*** DATA IN THIS EXERCISE Section Begins ***
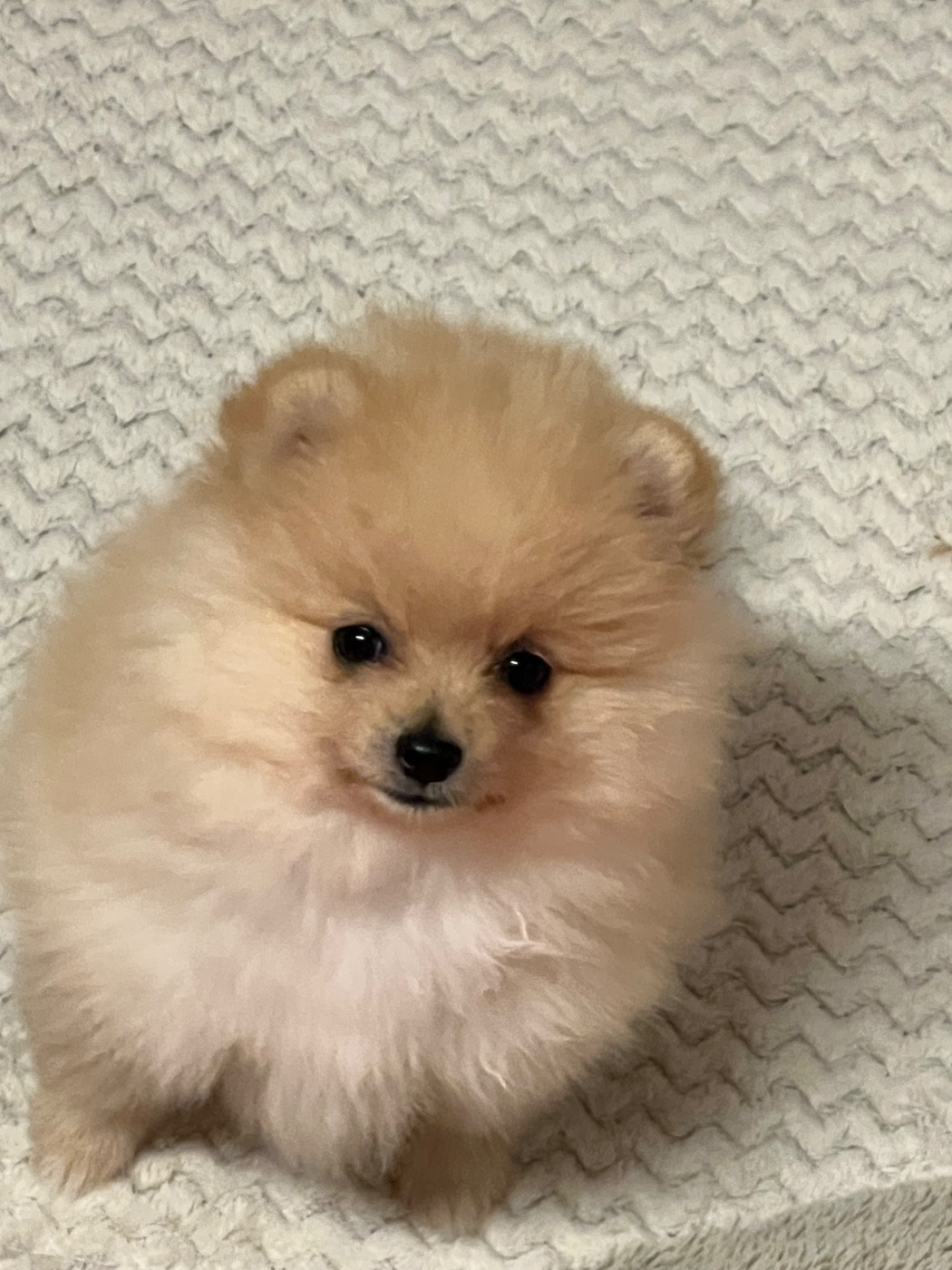 au jardin des merveilles - Chiots disponibles - Spitz allemand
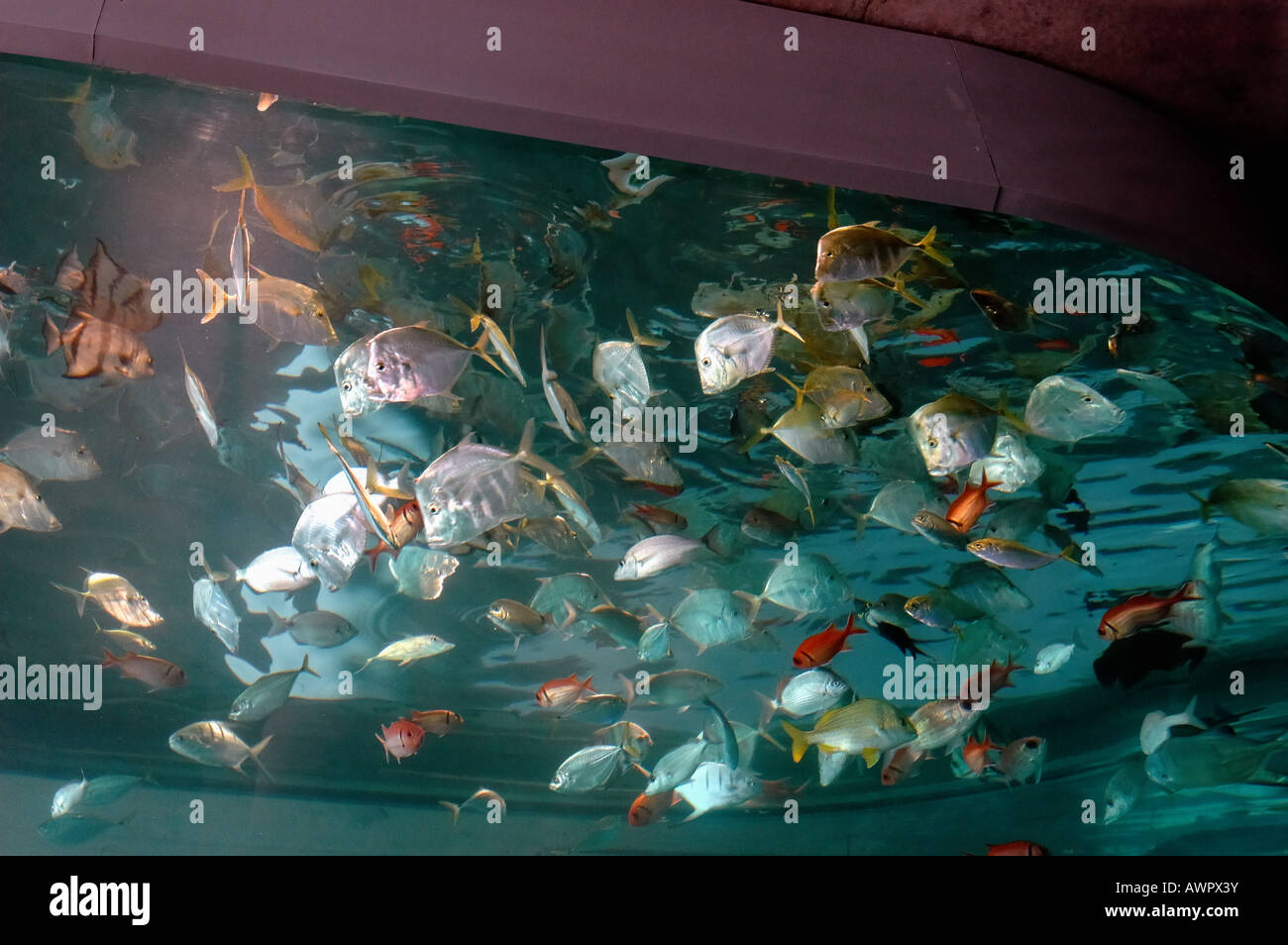 Charleston Aquarium Charleston SC Stock Photo Alamy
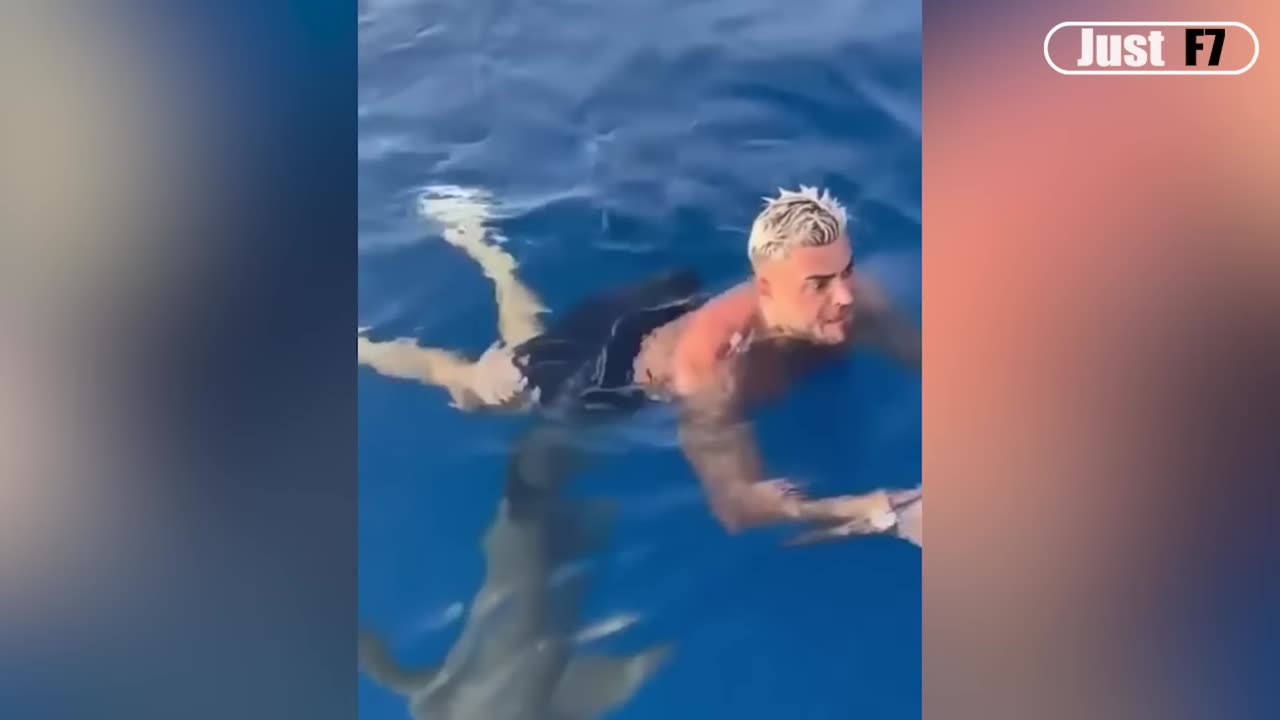 Funny video, fun, laughter, full entertainment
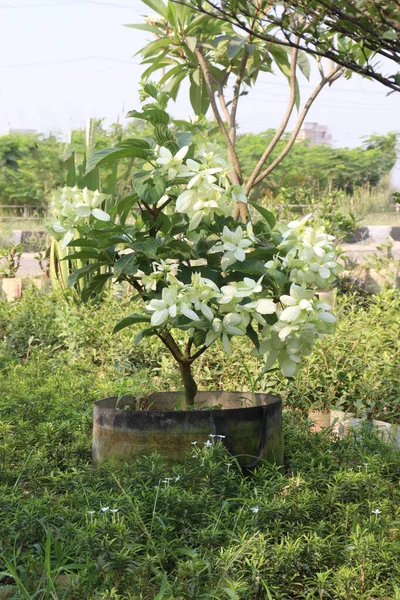 Цветочные Растения Малабар Ферме Сбора Урожая Являются Товарными Культурами — стоковое фото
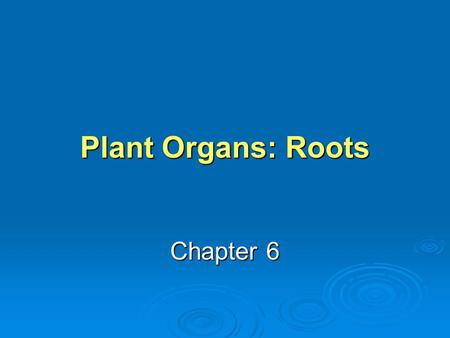Plant Organs: Roots Chapter 6.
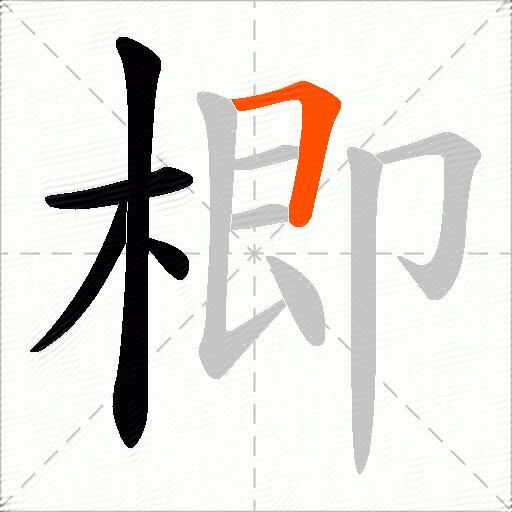 楖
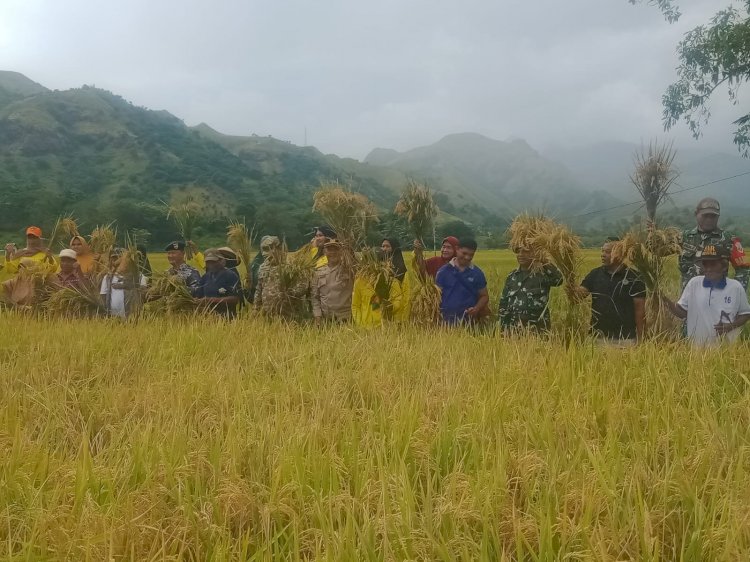 Panen Simbolis Padi di Magepanda, Wujud Sinergi Ketahanan Pangan di Kabupaten Sikka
*** DATA IN THIS EXERCISE Section Ends ***
(WORK INSTRUCTION):
In your answer, set down the full listing word for word and include no pictures.

(SOLUTION FOR THIS PROBLEM):
 au jardin des merveilles - Chiots disponibles - Spitz allemand
 Charleston Aquarium Charleston SC Stock Photo Alamy
 Funny video, fun, laughter, full entertainment
 Цветочные Растения Малабар Ферме Сбора Урожая Являются Товарными Культурами — стоковое фото
Plant Organs: Roots Chapter 6.
 楖
 Panen Simbolis Padi di Magepanda, Wujud Sinergi Ketahanan Pangan di Kabupaten Sikka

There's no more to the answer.